If you want the respect that you feel you deserve, then you have to earn it and even give it without being asked for it. I stand by my stance of treating others the way they have treated me, and if you look at our relationship up to and to the point to that first time you got an attitude with me at Orlando's when we were out, you will see a totally different relationship between the both of us. Other times I have brought up this aspect of who I am, you have attacked it, pretty much well telling me it was either my fault, or that I put all blame on you (as you did this morning). Again, you are telling me what I mean or what I say. It is my fault that I treat you the way that I do. It was a choice that I made long, long ago, well before I met you. It is what encompassed the very persona of what make me who I am.
I am sorry for the initial reaction I had last night. I did ask a question and responded the way I did, and that is not the way I would in turn want to be treated. My rational was that for over a year you up and provide your opinion on things that you have already pointed out and that we know. I get sick of hearing about my work. I know you think it sucks, and I know you do not like it. I am tired of hearing about it REPEATEDLY. Same goes for my breath. I know it is less than fresh at times. I eat a lot of crap and forget to brush it. I don't, however, want to hear how my damn "video game problem" is to blame for me not brushing my teeth, or anything else. So while we are both to blame, I was certainly out of line, because this time, I did ask.
So the next time YOU ask me a question, as to how I feel about whatever, you better up and accept my actual feelings if you expect the same in return. I am tired of the "reverse" treatment, where you basically say how I am blaming you for EVERYTHING or I am claiming it is always your fault, when in actually that is what you are pushing on me. The fact that I am making you angry, or you have the right to yell at me at a store because I do not answer you so it is my fault on how you react.
Nothing in this message to you is out of guilt, or to make you feel bad. This is a sum up of built up feelings for at least a year, things that I generally do not express, because if I do, you generally turn around and work to make me feel guilty (which just gets me angry, not guilt), so I just drop it and decide to not talk about it anymore. Well, I think it is time I do.

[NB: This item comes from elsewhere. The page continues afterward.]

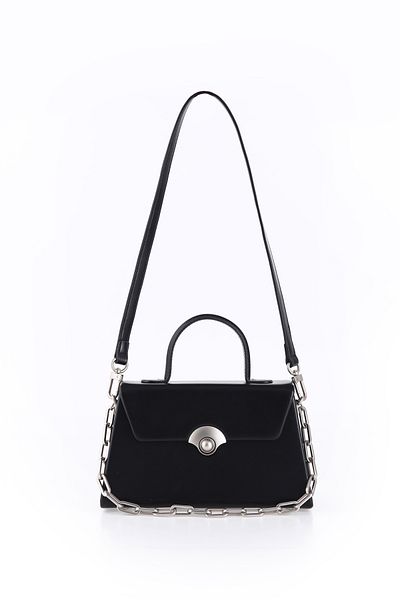 ÇÇS Women's Shoulder Bag C.Ccs17135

On that note, I do not want to hear the opinions on how your feel about my friends. You blame me of continuous negativity, and your opinions on how you feel about them has been nothing short of negative. I wrote Bevin on Mother's Day, and as it has been, you went off on how she basically does not deserve it, because she has made no effort to see Jarin or anything else. This is an opinion you have repeated, for a more than just her. Again, you already made your case in terms of how you feel about it. Let me ask you, the things that you said, would you feel comfortable saying it to her face, or posting it on line to where she might read it? No, is the answer I imagine you would say. If you are going to continue to be negative regarding my friends, whether about Jarin or anything else, then say it to their face so they can defend themselves, or do not say it at all. If you want to talk about your friends and how you feel about them for whatever reason, then go ahead, they are your friends and you have a right to vent about or be upset about whatever it is you have going between them. As for my friends, I expect them to have respect until they give *me* reason otherwise, not you. Of course, if in private I ask you the opinion on someone, what you think of their life, is another story, because I am asking "for my own understanding" as opposed to you throwing out your opinion.
I do not remember one way or another the positive things I have said last night, as I do not think anything, so know that I do love you... and you are not the only one who feels alone in this relationship.